Thunder boomed endlessly through the night, rain poured down in sheets, the pattering water seeping through the gaps in the leaky roof tiles.

It wet the quilt by Xin Yi’s bed, some even splashing onto her forehead.

Xin Yi sat up in utter frustration. First she cursed Xiao Cheng Ce, then his entire family.

Then she slipped on her embroidered shoes, got out of bed, hastily wrapped her clothes, grabbed the oiled paper umbrella by the door, and headed out.

The system asked puzzledly, “Host, what are you doing in the middle of the night?”

Was she planning to fix the roof herself?

Xin Yi: “Going to find Xie Shuo and beg him to take me in.”

After hearing that, the system couldn’t help falling silent.

Because given Xie Shuo’s coldness and disgust toward her, she would probably hit a wall and slink back dejectedly.
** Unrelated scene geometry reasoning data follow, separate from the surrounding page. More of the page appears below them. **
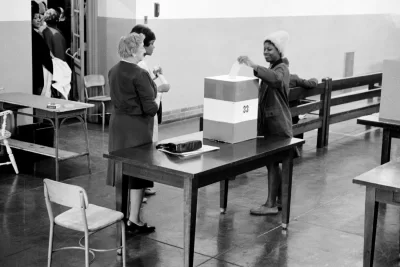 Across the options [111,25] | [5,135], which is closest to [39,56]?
[111,25]

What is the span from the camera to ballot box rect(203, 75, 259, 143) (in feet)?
16.9

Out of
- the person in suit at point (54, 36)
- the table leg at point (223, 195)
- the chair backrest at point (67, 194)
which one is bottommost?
the table leg at point (223, 195)

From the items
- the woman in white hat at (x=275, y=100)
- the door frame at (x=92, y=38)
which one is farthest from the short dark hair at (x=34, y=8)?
the woman in white hat at (x=275, y=100)

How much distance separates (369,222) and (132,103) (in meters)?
2.13

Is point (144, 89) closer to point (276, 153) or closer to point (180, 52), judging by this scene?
point (276, 153)

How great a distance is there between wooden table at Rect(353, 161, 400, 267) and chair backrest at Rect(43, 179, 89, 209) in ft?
6.00

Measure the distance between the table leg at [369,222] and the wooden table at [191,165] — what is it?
0.96 meters

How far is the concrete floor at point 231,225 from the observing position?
509 centimetres

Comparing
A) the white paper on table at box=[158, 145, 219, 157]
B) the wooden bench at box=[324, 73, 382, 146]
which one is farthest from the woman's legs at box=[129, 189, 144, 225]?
the wooden bench at box=[324, 73, 382, 146]

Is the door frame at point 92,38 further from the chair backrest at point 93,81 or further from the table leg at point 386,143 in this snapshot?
the table leg at point 386,143

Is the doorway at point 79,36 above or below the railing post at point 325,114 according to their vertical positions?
above

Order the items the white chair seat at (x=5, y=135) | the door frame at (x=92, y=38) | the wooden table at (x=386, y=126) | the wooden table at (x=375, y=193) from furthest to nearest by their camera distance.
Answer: the door frame at (x=92, y=38) → the white chair seat at (x=5, y=135) → the wooden table at (x=386, y=126) → the wooden table at (x=375, y=193)

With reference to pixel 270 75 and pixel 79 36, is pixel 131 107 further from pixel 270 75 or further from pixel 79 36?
pixel 79 36

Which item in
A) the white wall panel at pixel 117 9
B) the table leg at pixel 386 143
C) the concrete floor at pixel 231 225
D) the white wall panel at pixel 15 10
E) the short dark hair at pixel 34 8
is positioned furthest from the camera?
the white wall panel at pixel 117 9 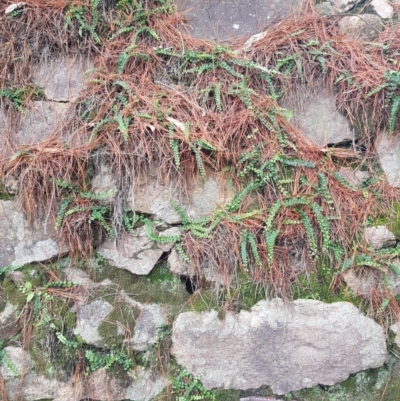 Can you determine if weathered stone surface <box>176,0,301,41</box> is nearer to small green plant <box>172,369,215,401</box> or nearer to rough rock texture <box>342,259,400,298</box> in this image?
rough rock texture <box>342,259,400,298</box>

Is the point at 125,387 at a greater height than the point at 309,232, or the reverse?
the point at 309,232

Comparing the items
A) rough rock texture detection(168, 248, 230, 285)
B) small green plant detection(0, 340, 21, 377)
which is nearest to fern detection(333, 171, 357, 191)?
rough rock texture detection(168, 248, 230, 285)

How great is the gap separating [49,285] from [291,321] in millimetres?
1487

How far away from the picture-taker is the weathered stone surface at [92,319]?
2.74 meters

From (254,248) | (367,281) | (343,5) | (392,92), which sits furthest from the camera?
(343,5)

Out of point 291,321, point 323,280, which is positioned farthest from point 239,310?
point 323,280

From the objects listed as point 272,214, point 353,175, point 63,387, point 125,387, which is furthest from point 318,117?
point 63,387

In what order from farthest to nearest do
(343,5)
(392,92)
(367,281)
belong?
1. (343,5)
2. (392,92)
3. (367,281)

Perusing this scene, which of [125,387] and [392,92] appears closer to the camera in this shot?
[125,387]

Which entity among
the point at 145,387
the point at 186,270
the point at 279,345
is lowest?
the point at 145,387

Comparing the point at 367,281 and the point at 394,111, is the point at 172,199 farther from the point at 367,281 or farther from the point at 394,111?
the point at 394,111

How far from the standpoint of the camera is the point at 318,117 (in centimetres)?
313

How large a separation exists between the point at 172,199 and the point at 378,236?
133 cm

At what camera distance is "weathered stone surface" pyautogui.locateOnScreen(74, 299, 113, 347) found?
274 cm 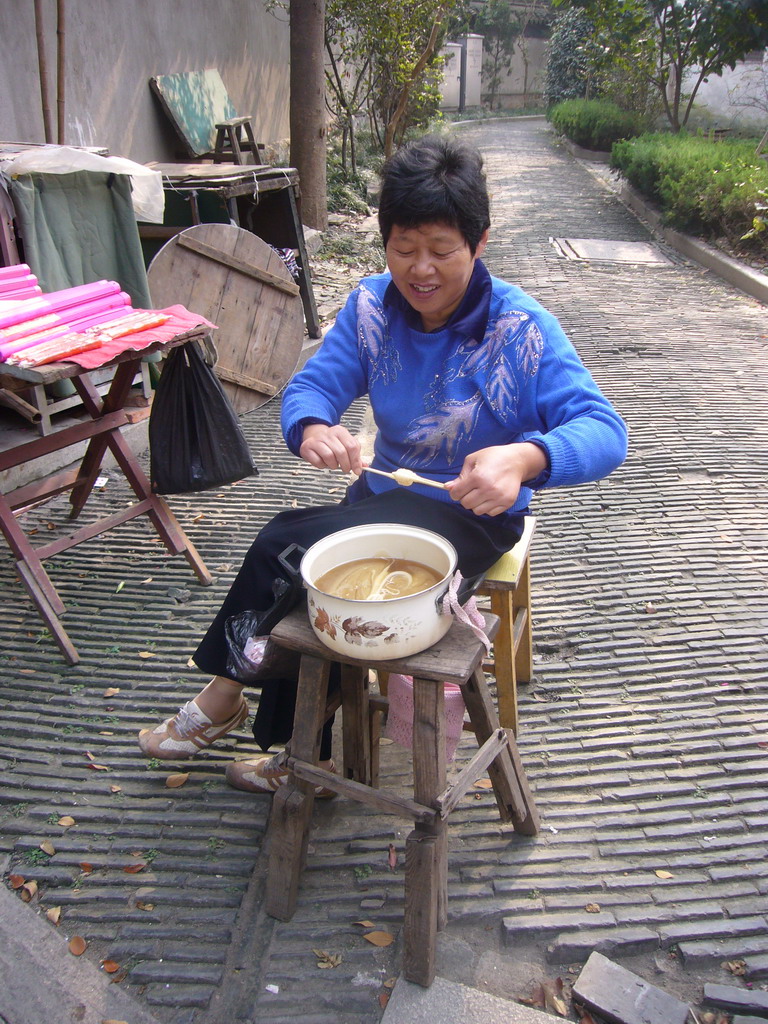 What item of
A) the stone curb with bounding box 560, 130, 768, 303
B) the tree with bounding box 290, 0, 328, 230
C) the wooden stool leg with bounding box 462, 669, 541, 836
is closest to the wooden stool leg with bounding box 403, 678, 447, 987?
the wooden stool leg with bounding box 462, 669, 541, 836

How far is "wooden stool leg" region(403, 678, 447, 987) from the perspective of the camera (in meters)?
1.94

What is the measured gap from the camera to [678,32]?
52.4ft

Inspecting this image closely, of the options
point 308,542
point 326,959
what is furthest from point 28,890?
point 308,542

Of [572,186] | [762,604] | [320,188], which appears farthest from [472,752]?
[572,186]

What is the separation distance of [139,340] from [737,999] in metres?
2.84

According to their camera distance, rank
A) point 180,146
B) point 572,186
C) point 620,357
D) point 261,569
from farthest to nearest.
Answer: point 572,186 < point 180,146 < point 620,357 < point 261,569

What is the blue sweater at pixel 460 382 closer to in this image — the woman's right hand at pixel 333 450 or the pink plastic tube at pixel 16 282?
the woman's right hand at pixel 333 450

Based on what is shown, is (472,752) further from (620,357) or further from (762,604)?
(620,357)

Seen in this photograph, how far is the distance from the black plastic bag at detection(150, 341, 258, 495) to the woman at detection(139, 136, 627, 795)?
1.34 meters

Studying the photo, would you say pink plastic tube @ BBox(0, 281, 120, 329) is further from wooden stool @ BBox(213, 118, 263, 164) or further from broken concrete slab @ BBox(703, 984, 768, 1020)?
wooden stool @ BBox(213, 118, 263, 164)

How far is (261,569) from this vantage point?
7.32 ft

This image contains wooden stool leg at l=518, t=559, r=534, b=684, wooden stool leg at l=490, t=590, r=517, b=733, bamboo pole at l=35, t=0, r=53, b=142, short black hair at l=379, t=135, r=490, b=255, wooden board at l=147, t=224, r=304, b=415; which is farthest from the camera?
wooden board at l=147, t=224, r=304, b=415

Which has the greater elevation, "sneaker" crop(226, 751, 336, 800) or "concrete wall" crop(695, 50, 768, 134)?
"concrete wall" crop(695, 50, 768, 134)

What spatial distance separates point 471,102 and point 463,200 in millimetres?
39284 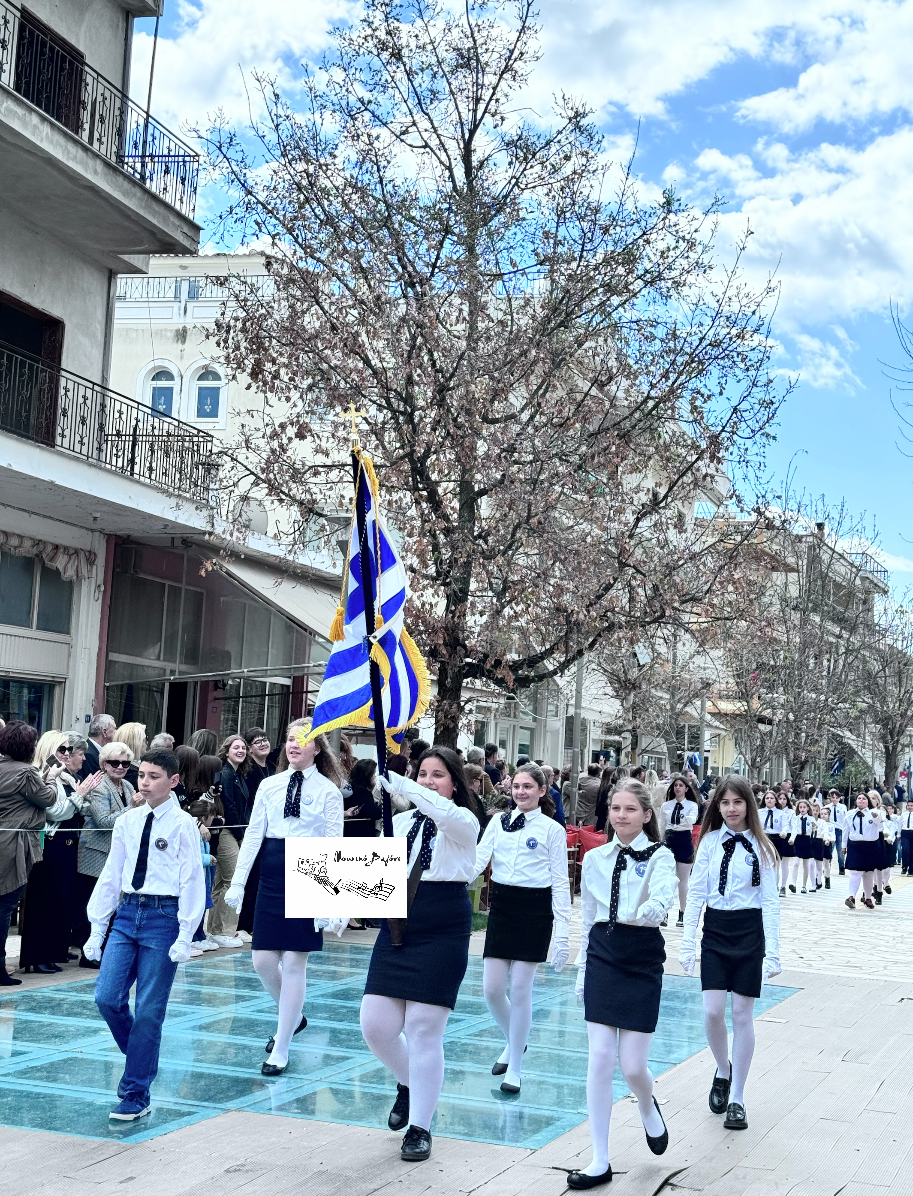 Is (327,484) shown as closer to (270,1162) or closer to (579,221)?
(579,221)

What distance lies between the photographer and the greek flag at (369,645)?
23.8 feet

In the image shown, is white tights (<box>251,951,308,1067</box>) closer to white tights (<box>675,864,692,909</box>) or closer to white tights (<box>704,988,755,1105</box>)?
white tights (<box>704,988,755,1105</box>)

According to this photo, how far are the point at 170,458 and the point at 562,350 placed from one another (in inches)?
242

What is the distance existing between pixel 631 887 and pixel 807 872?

It was right; Xin Yi did hit a wall.

But she didn’t come back. She fully demonstrated what it meant to be silver-tongued and utterly shameless. Even shut out in the cold, she remained calm and composed.

Separated by a door, she said to the youth inside, “Even if I go back now, I’ll be soaked through and catch a cold. If this rain lasts a few more days, I might burn with fever and die.”

As she spoke, sorrow welled up, her voice carrying a touch of frail, pitiful choking. “So tonight, let me fulfill the last bit of my duty as a tutor: transmit the Way, impart knowledge, resolve doubts for A Shuo.”

Then the system heard its host start reciting love poems.

All sorts of love poems from ancient times to the present, explicit ones and subtle ones, even mixing in some romantic histories recorded in wild tales.

After just a moment, the door suddenly opened.

The youth gritted his teeth, his fingers gripping the door white-knuckled, his face twisted as if he wanted to devour her.

Yet Xin Yi went from tears to smiles, slipping through the open door crack with practiced ease. “I knew you’d go soft on me. You definitely couldn’t bear to watch me die of illness like this.”

The arc of her trailing skirt was even elegantly graceful.

Xie Shuo: “……”

In the end, Xin Yi obediently made a floor bed, while Xie Shuo continued sleeping on his bed.

Though their moods were polar opposites, they managed to get through to the latter half of the night without incident.

Until Xin Yi, in her sleep, heard the sound of a cup shattering on the ground. She drowsily sat up and opened her eyes, only to discover it seemed Xie Shuo had accidentally knocked it over.

So she lifted her quilt and, by the dim moonlight, walked to his bedside to check on him.

The youth still had his eyes closed, but his brows were tightly furrowed with fine sweat beading, his breathing erratic and rapid.

He looked very unwell.

Xin Yi froze, then hurriedly reached out to touch his forehead: so hot!

Before she could react, her fair wrist was gripped tightly by the youth’s scorching palm, with force nearly crushing her bones.

She couldn’t hold back a pained hiss.

The youth on the bed abruptly opened his eyes—cruel, dangerous, his pitch-black pupils turning to pale vertical slits. In his eyes, Xin Yi saw overwhelming, towering lust.

The system stammered a reminder beside her: “Host, h-he like this… seems like he’s entered his mating period.”